Up to now, though, Central America has been harder hit than the Caribbean. Hanna, the first Atlantic hurricane of the season, crossed into Mexico as a tropical storm after making landfall in southern Texas, dropping a year’s worth of rain in a span of just 48 hours that left seven dead and two others missing due to intense flooding and landslides.

Tropical Storm Amanda, which originated over the Pacific, affected more than half a million people in El Salvador and Guatemala as it carved a path of destruction across Central America en route to the Atlantic, where its remnants reformed as Tropical Storm Cristobal. Amanda is now regarded as the most devastating hydrometeorological disaster in El Salvador since Hurricane Mitch in 1998.


Floods caused by Tropical Storm Nana in Escuintla, Guatemala.

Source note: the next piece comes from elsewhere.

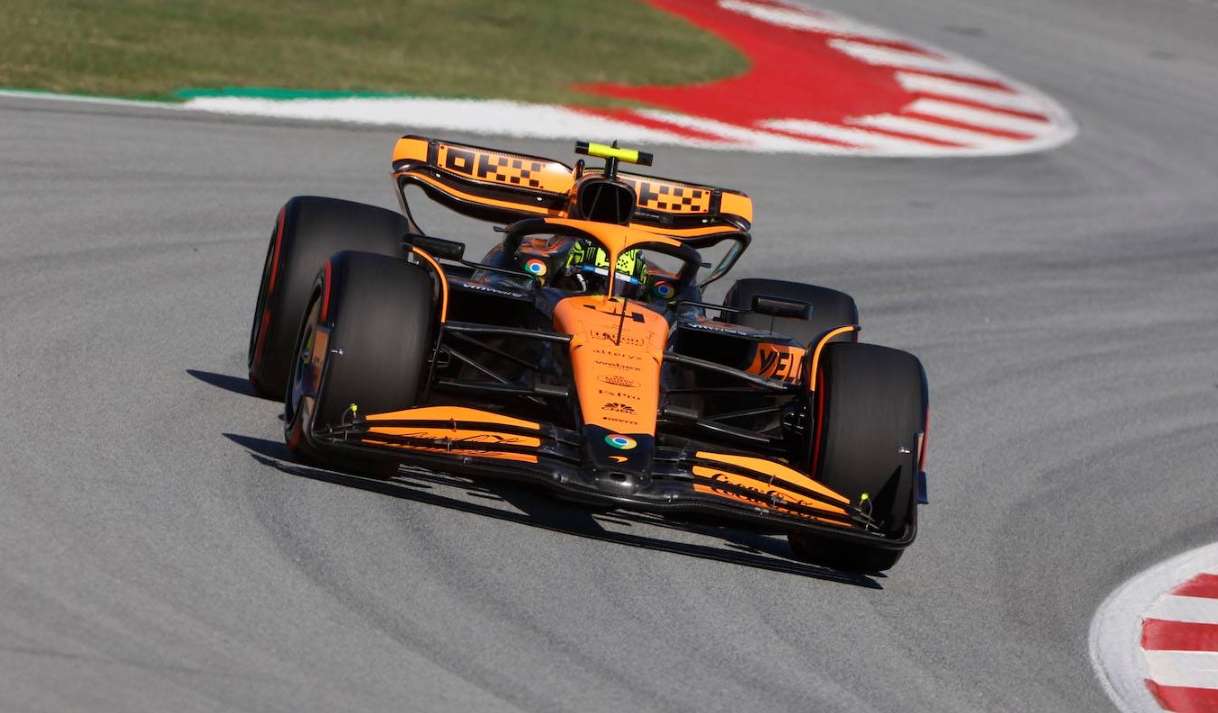 迈凯伦绝杀雷诺车队，诺里斯刷新纪录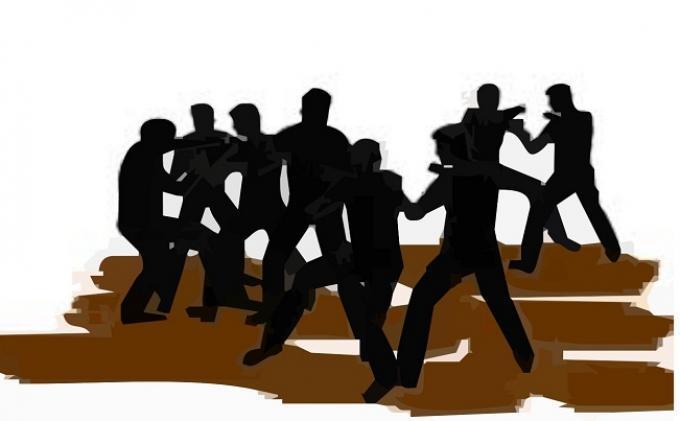 Nahas, Pemuda Benjeng Gresik Dikeroyok Usai Rapat Karang Taruna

Credit: CONRED

Peak season could still produce a major hurricane

If history serves as a good indicator, we are not out of the woods just yet. In 2005, the month of October produced six named storms and one of the most intense Atlantic hurricanes on record, Wilma. On 7 October 2020, Hurricane Delta, which ripped across the Yucatán Peninsula as an extremely dangerous Category 2 storm, served as an ominous reminder of the dangers still posed by this historically active season.

The likely presence of La Niña for the remainder of the season may potentially increase the activity and intensity of storms, which could propel 2020 into the record books as the most active Atlantic hurricane season ever.